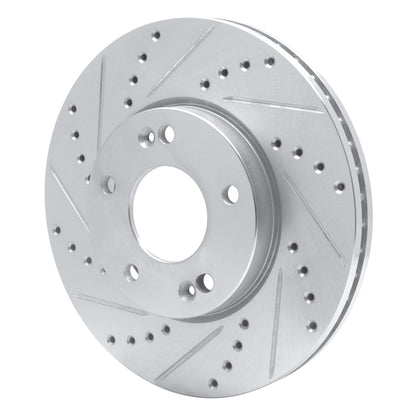 R1 Concepts R1 07-10 Kia Rondo (Canada) Front Left Drilled & Slotted Silver Brake Rotor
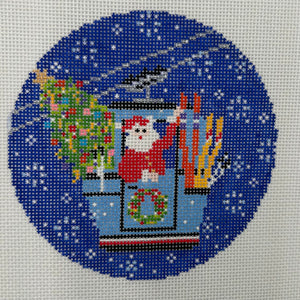Blizzard Gondola Santa Round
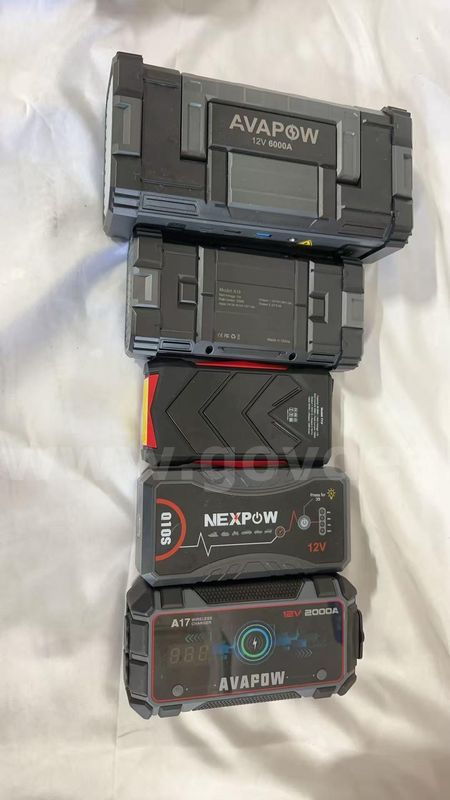 SHIPPING AVAILABLE 5 Pack Mixed Car Jump Starter Lot AVAPOW & NEXPOW Mixed Models 12V Portable Auto Battery (K-02)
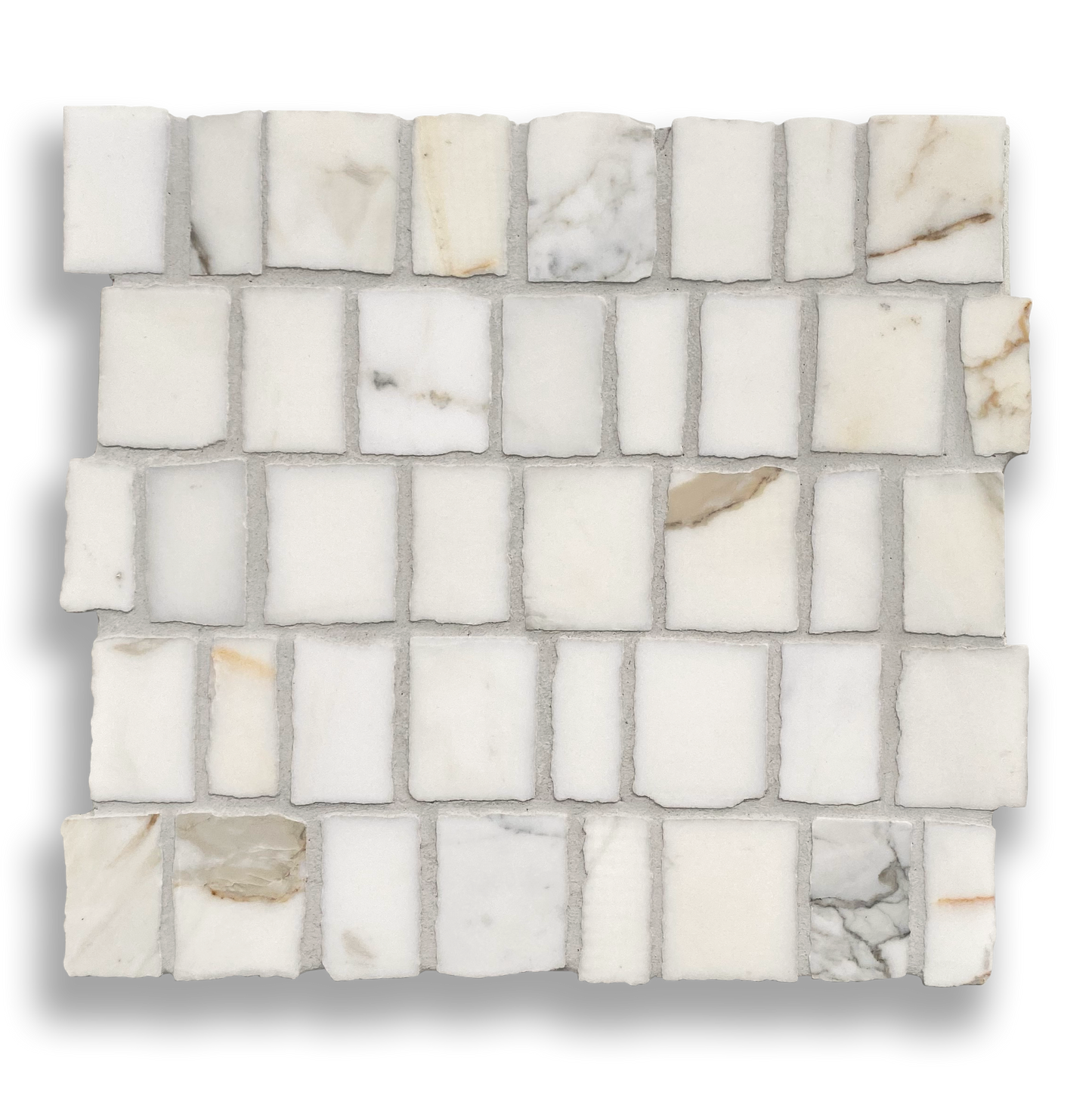 PACIANO CALACATTA GOLD NATURAL STONE ARTISAN CUT MOSAIC TILE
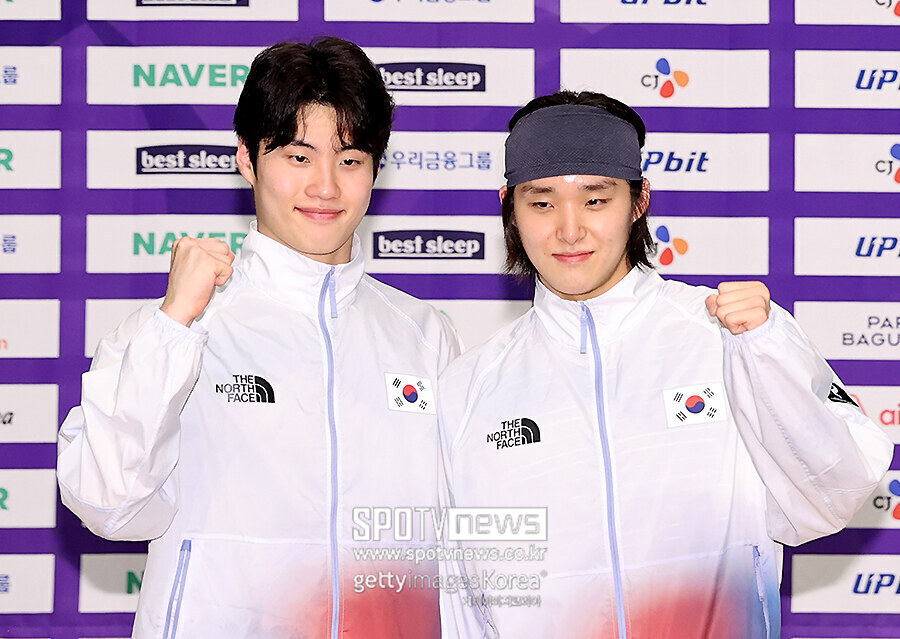 ▲ 황선우, 김우민 ⓒ곽혜미 기자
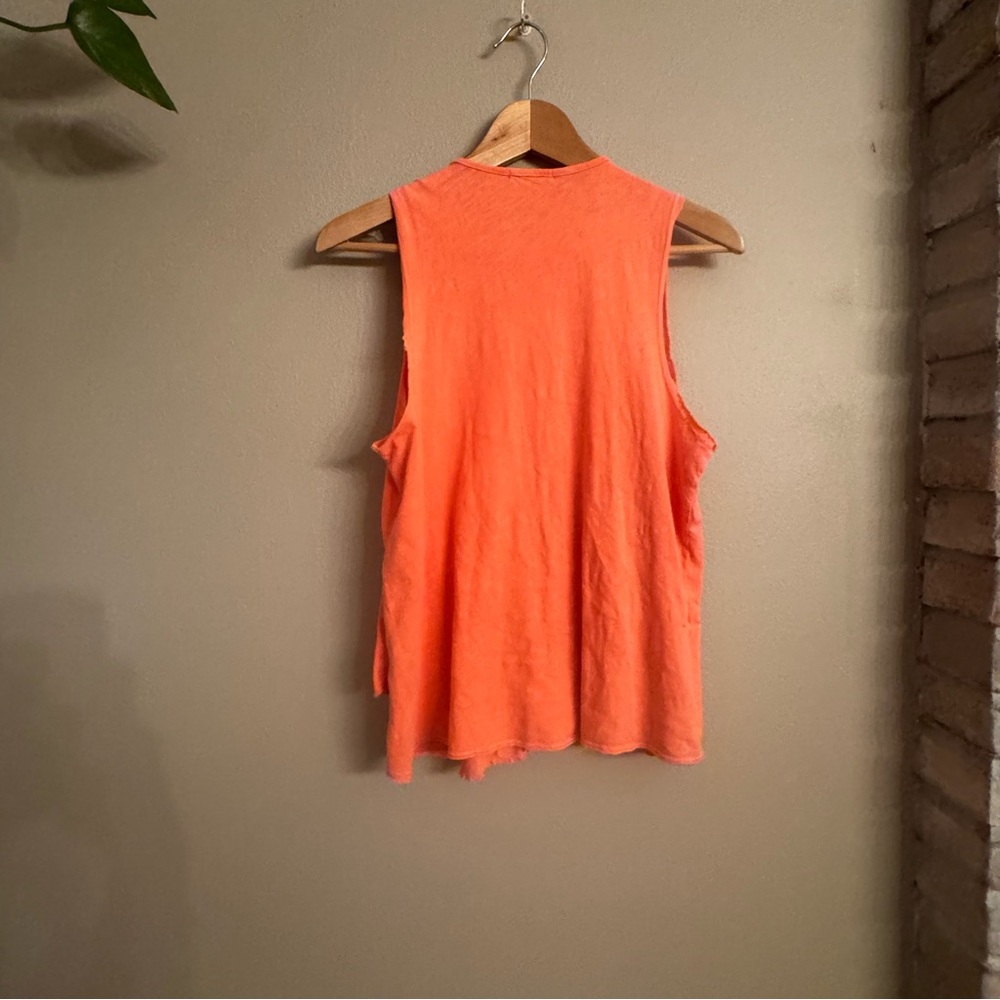 SUNDRY‎ Ruffle Hem Tank Top - Picture 5 of 7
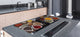 HUGE TEMPERED GLASS COOKTOP COVER A spice series DD03A Mosaic with spices 7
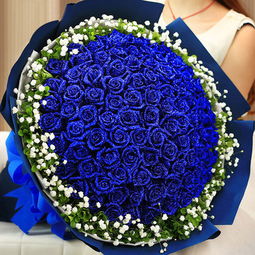 蓝玫瑰适合送什么人,男朋友有送女朋友蓝色玫瑰的吗?蓝色玫瑰代表什么？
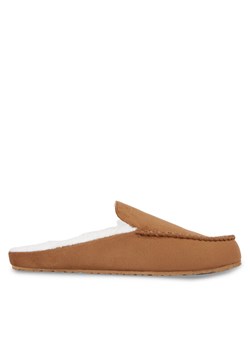 Tommy Hilfiger Kapcie Hilfiger Mocassin Homeslipper FM0FM04769 Brązowy ze sklepu MODIVO w kategorii Kapcie męskie - zdjęcie 181159666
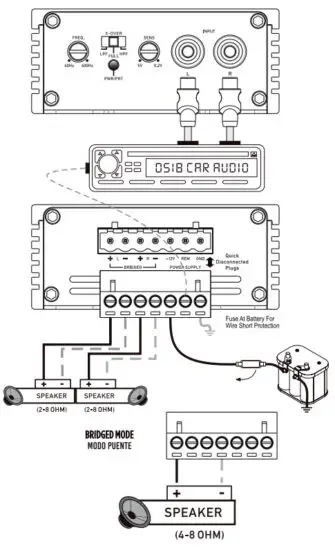 DS18 DS-X2 Ultra Compact Class D 2-Channel Amplifier - installations 2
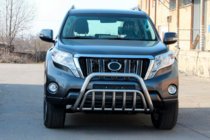 Toyota Land Cruiser Prado 150 2009–2023 Přední ochranný rám (bullbar) WT002 (nerez) fotografie 5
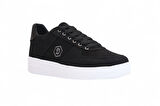 2196-Dakırs Anatomik Tabanlı Erkek Keten Kumaşlı Sneakers Ayakkabı - NKT02196-siyah-44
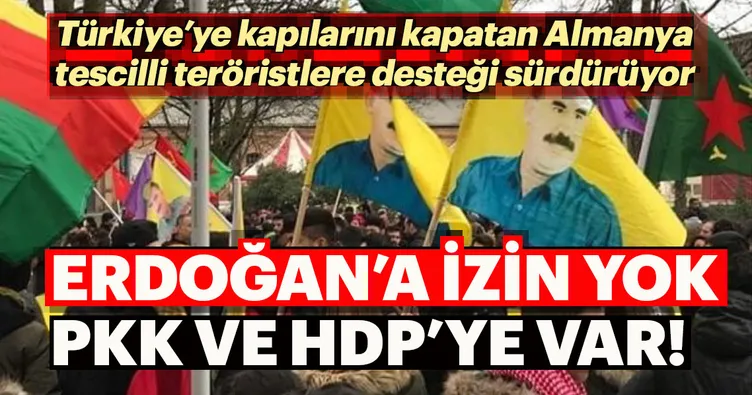 Erdoğan’a izin yok, HDP ve Müslüm’e var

-------

> Exercise goal
Only the lines starting at the one that holds "蓝玫瑰适合送什么人,男朋友有送女朋友蓝色玫瑰的吗?蓝色玫瑰代表什么？" and ending at the last line of the data belong in your answer. Please set them down exactly and omit the pictures.

> Solution to the problem
 蓝玫瑰适合送什么人,男朋友有送女朋友蓝色玫瑰的吗?蓝色玫瑰代表什么？
 Tommy Hilfiger Kapcie Hilfiger Mocassin Homeslipper FM0FM04769 Brązowy ze sklepu MODIVO w kategorii Kapcie męskie - zdjęcie 181159666
 DS18 DS-X2 Ultra Compact Class D 2-Channel Amplifier - installations 2
 Toyota Land Cruiser Prado 150 2009–2023 Přední ochranný rám (bullbar) WT002 (nerez) fotografie 5
 2196-Dakırs Anatomik Tabanlı Erkek Keten Kumaşlı Sneakers Ayakkabı - NKT02196-siyah-44
 Erdoğan’a izin yok, HDP ve Müslüm’e var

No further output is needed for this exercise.